The ancients believed that all music originates from the human heart, and since humanity and heaven are intimately connected, music is not only a divine revelation but also has the power to alter one's surroundings and destiny.
During the Spring and Autumn period, Duke Ling of Wei once traveled to the state of Jin and lodged overnight along the upper reaches of the Pu River. At midnight, he heard a mysterious zither melody that no one else could perceive, as if played by spirits. He ordered his court musician Shi Juan to transcribe it and later performed it for Duke Ping of Jin. The Jin court musician Shi Kuang immediately stopped him, declaring, "This is the music of a fallen state." Yet Duke Ping, a passionate lover of music, insisted on hearing the piece to its end.
Duke Ping of Jin, still unsatisfied, twice asked his court musician Shi Kuang if there was even more powerful music. Shi Kuang replied both times that such music existed but warned that the Duke lacked the moral cultivation to hear it. Insisting, the Duke forced two performances. The first brought an eerie sight: sixteen black cranes gathered at the porch gate, calling and dancing.
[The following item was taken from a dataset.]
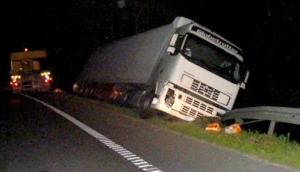 Pijany kierowca ciężarówki spowodował kolizję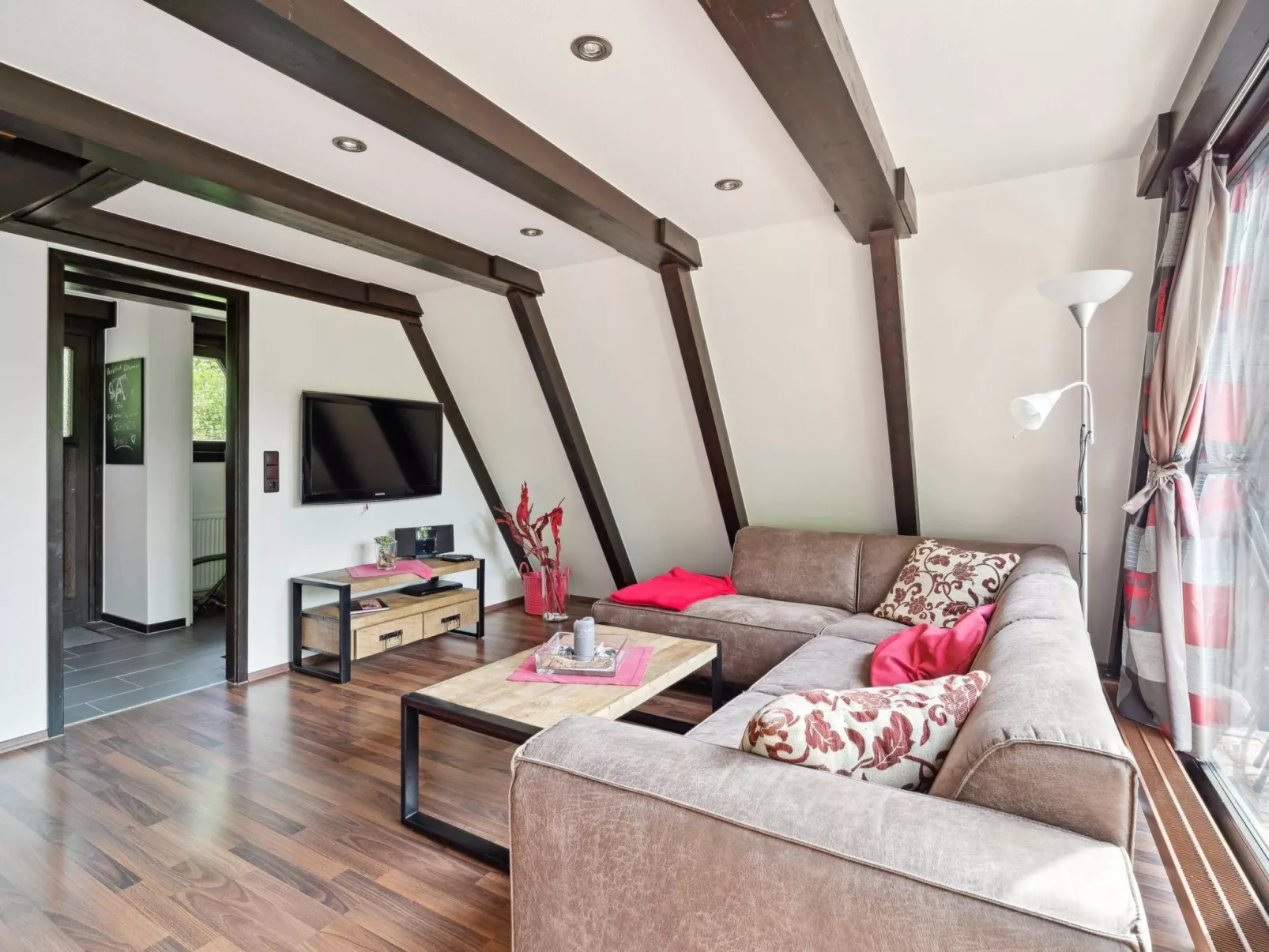 Wunderschönes Ferienhaus im Herzen der Natur-Image-tags.info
The second performance unleashed catastrophe on Jin: as the first movement played, white clouds surged from the northwest horizon; during the second, a great wind and torrential rain tore off roof tiles, sending ministers fleeing in terror while the Duke himself cowered in a side chamber. Afterward, a devastating drought struck Jin, leaving the land barren for a thousand li—a wasteland with no grass for three years, known as "a thousand li of scorched earth."
Master musician Shi Kuang's performance coinciding with the great drought in the State of Jin was, of course, merely a coincidence. Yet the ancient belief that music reflects the human heart, virtue, and the success or failure of governance offers a profound insight.
Later, the idiom "A Thousand Li of Barren Land" came to describe vast stretches of land left desolate and lifeless after a disaster.
Source: *Records of the Grand Historian*, Chapter "Book of Music"
Meaning of the Idiom: Later, the Chinese idiom "赤地千里" came to describe vast stretches of land left desolate and lifeless after a disaster.